TASK DESCRIPTION: Make an exact copy of all the entries, with the pictures left out.

RECORDS FOR THIS TASK:
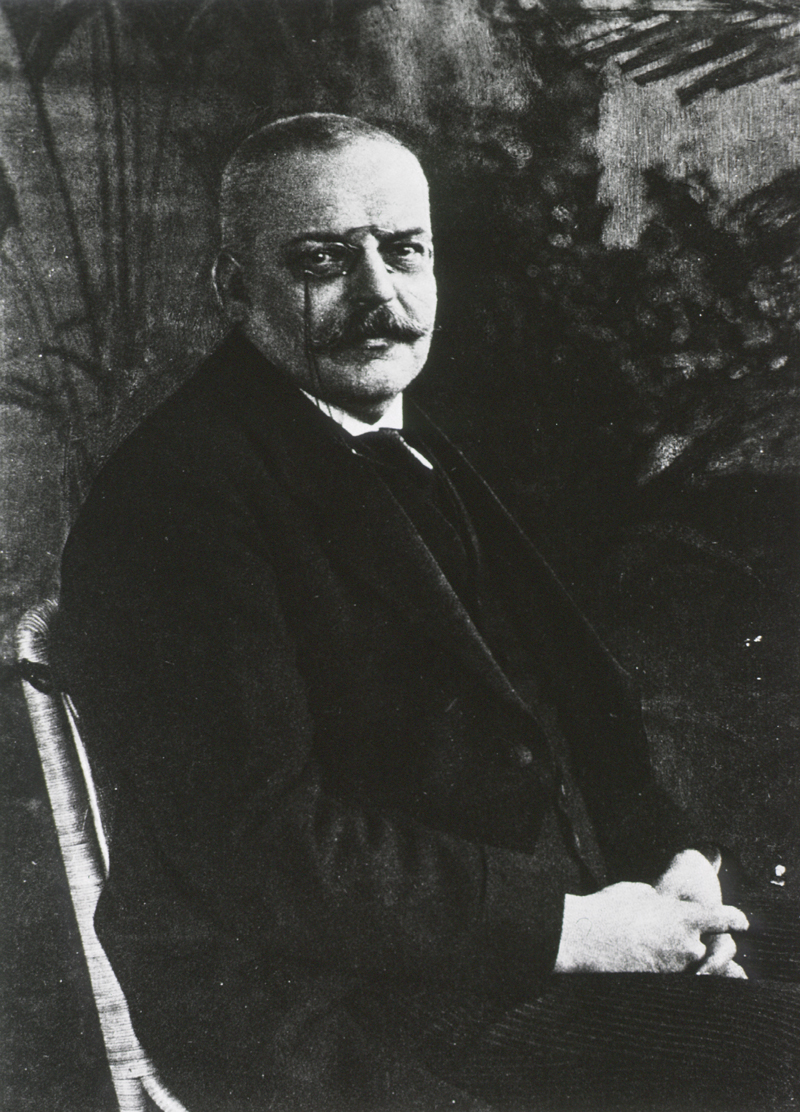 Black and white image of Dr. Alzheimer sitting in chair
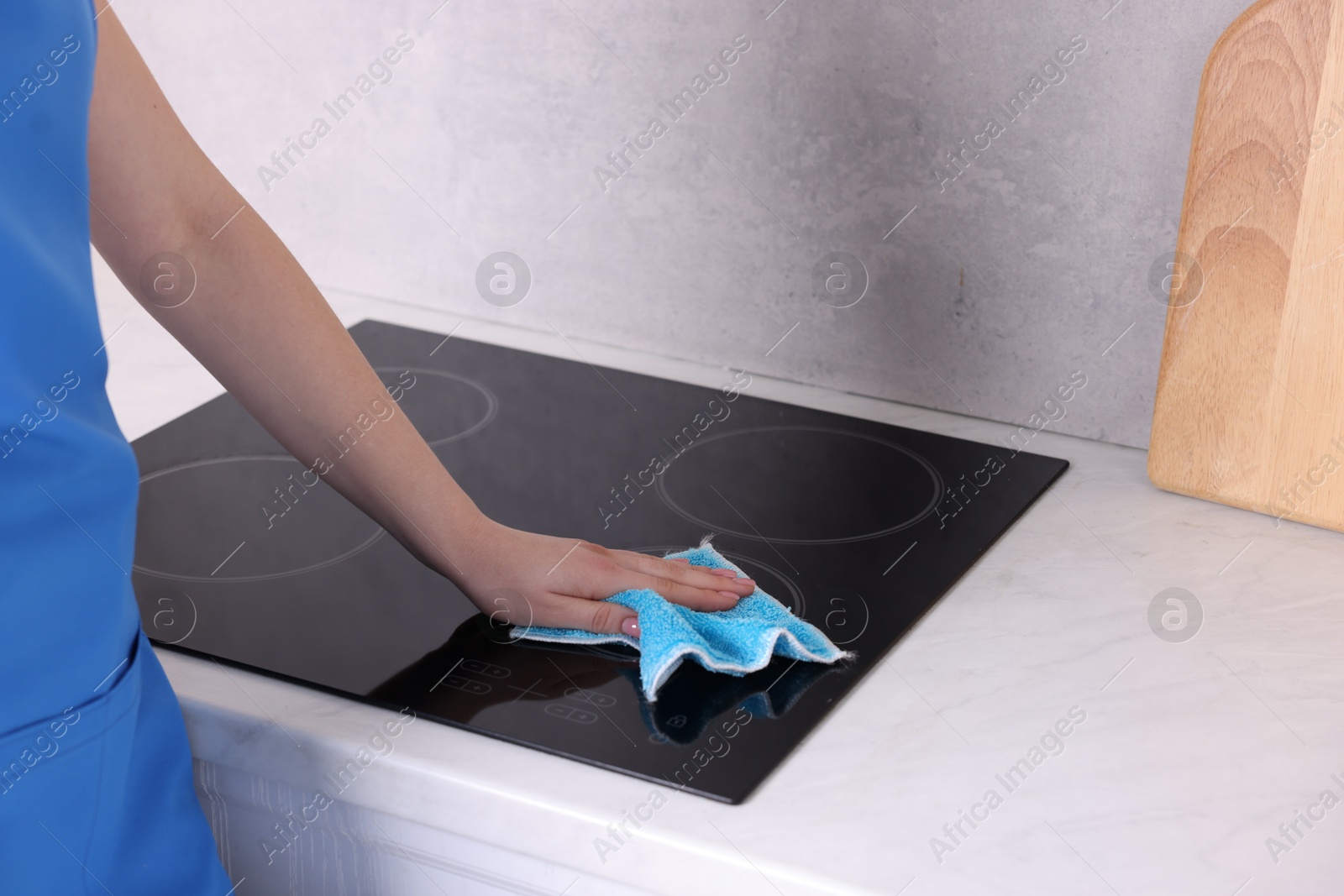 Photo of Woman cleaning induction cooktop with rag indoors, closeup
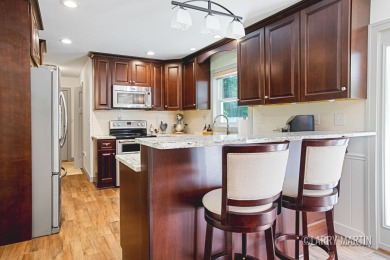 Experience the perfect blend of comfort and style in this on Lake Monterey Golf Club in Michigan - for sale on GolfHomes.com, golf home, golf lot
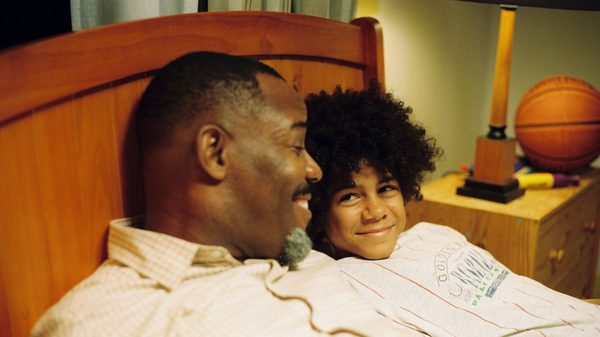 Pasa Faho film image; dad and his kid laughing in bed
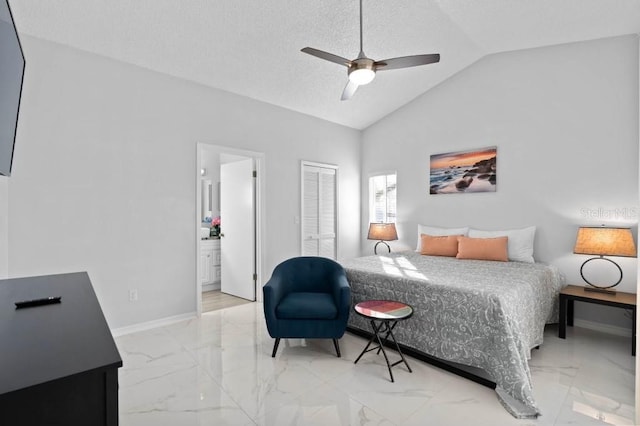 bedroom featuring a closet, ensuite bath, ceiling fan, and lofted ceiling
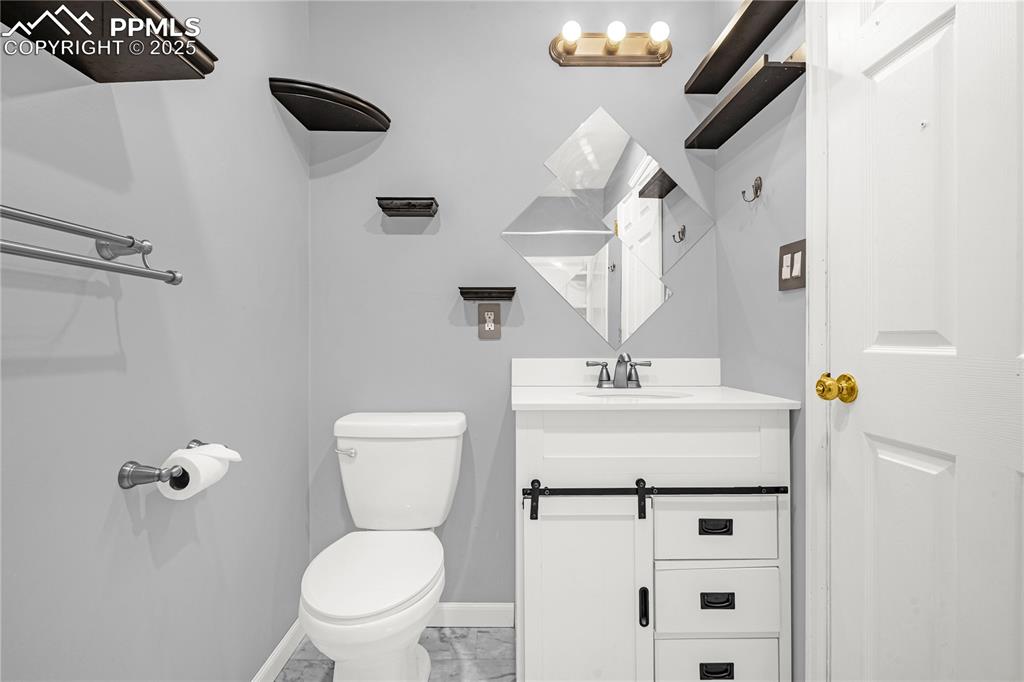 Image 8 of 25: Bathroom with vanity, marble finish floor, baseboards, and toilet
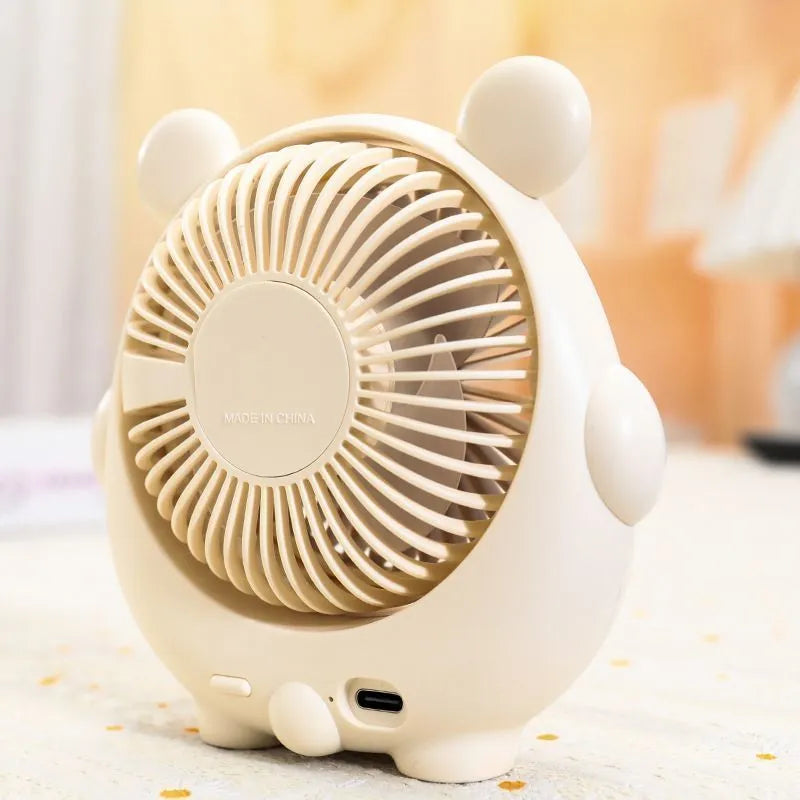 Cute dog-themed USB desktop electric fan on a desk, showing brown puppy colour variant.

EXERCISE OUTPUT:
 Black and white image of Dr. Alzheimer sitting in chair
 Photo of Woman cleaning induction cooktop with rag indoors, closeup
 Experience the perfect blend of comfort and style in this on Lake Monterey Golf Club in Michigan - for sale on GolfHomes.com, golf home, golf lot
 Pasa Faho film image; dad and his kid laughing in bed
 bedroom featuring a closet, ensuite bath, ceiling fan, and lofted ceiling
 Image 8 of 25: Bathroom with vanity, marble finish floor, baseboards, and toilet
 Cute dog-themed USB desktop electric fan on a desk, showing brown puppy colour variant.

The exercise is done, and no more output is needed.